Below are lines of records; copy exactly those from the one containing "Used 2024 Chevrolet Malibu LT image 2" through the one containing "长城保护员_北京石峡关长城保护员 刘红岩 长城保护志愿者", leaving the pictures behind.

Extracted records:

--*--

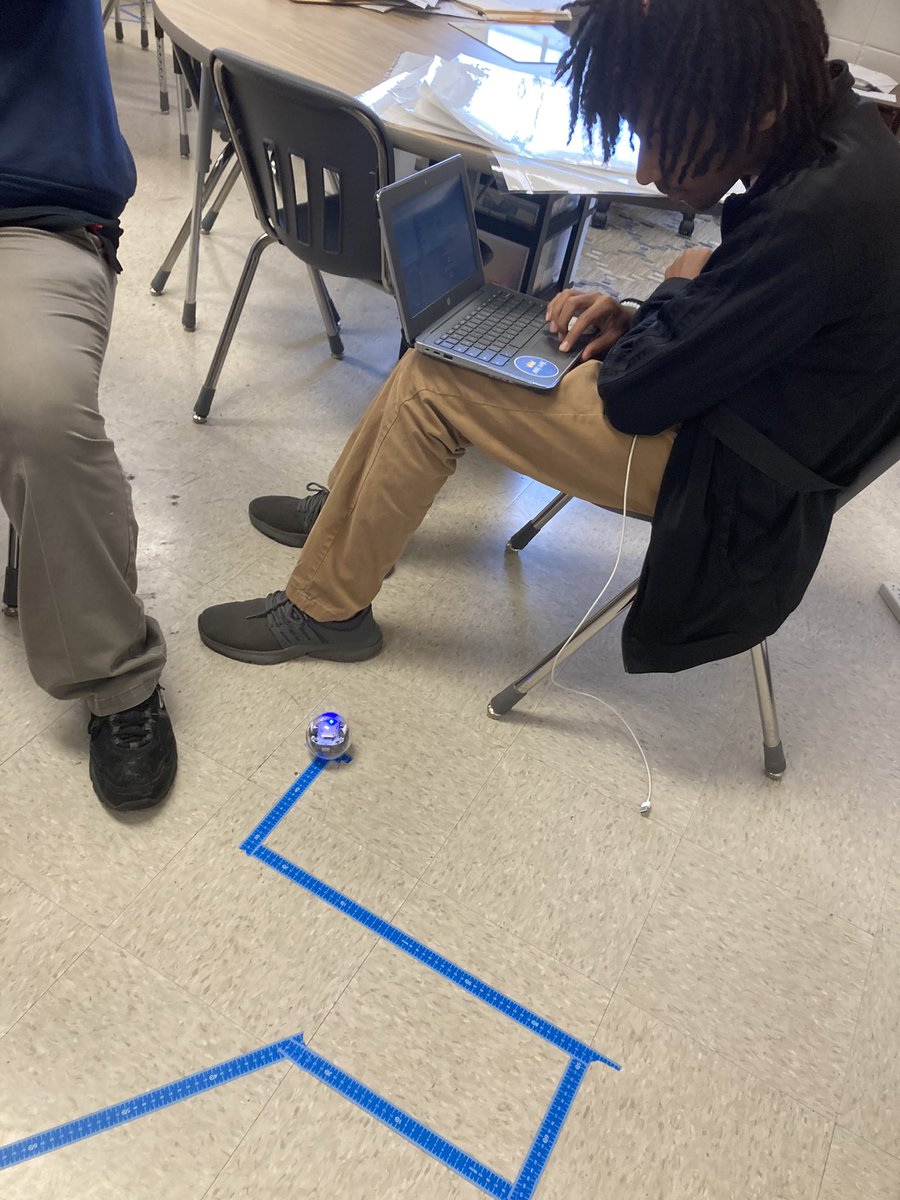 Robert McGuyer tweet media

--*--

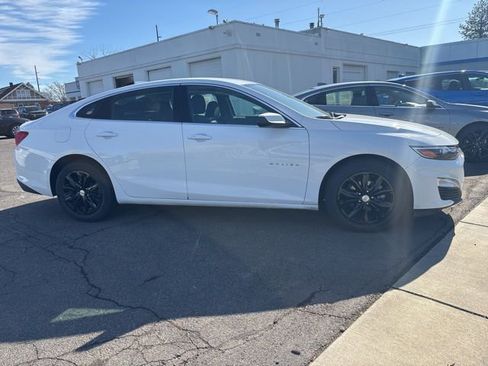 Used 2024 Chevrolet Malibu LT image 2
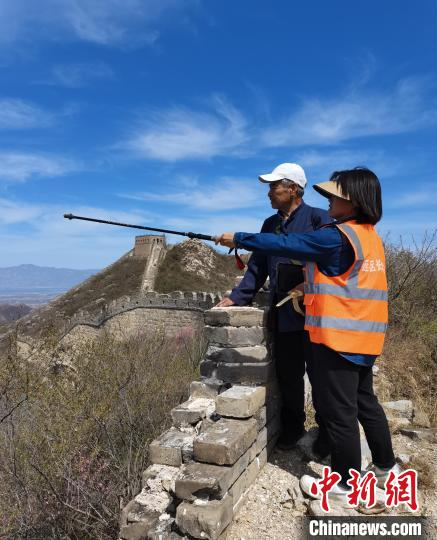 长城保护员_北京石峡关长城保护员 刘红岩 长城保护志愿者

--*--

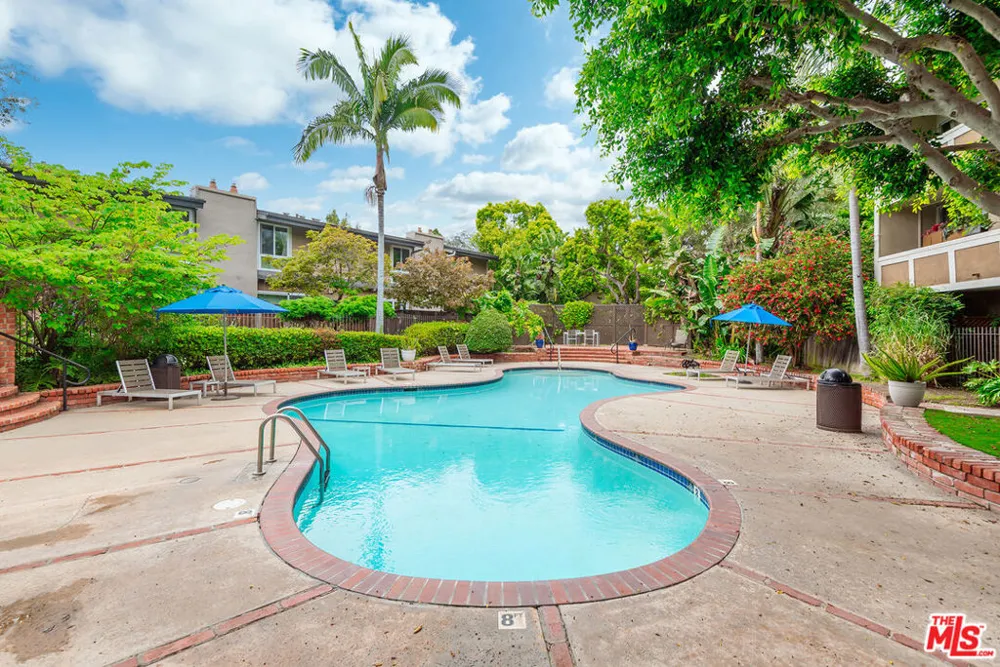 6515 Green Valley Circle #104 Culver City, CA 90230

--*--

Result of the exercise:
 Used 2024 Chevrolet Malibu LT image 2
 长城保护员_北京石峡关长城保护员 刘红岩 长城保护志愿者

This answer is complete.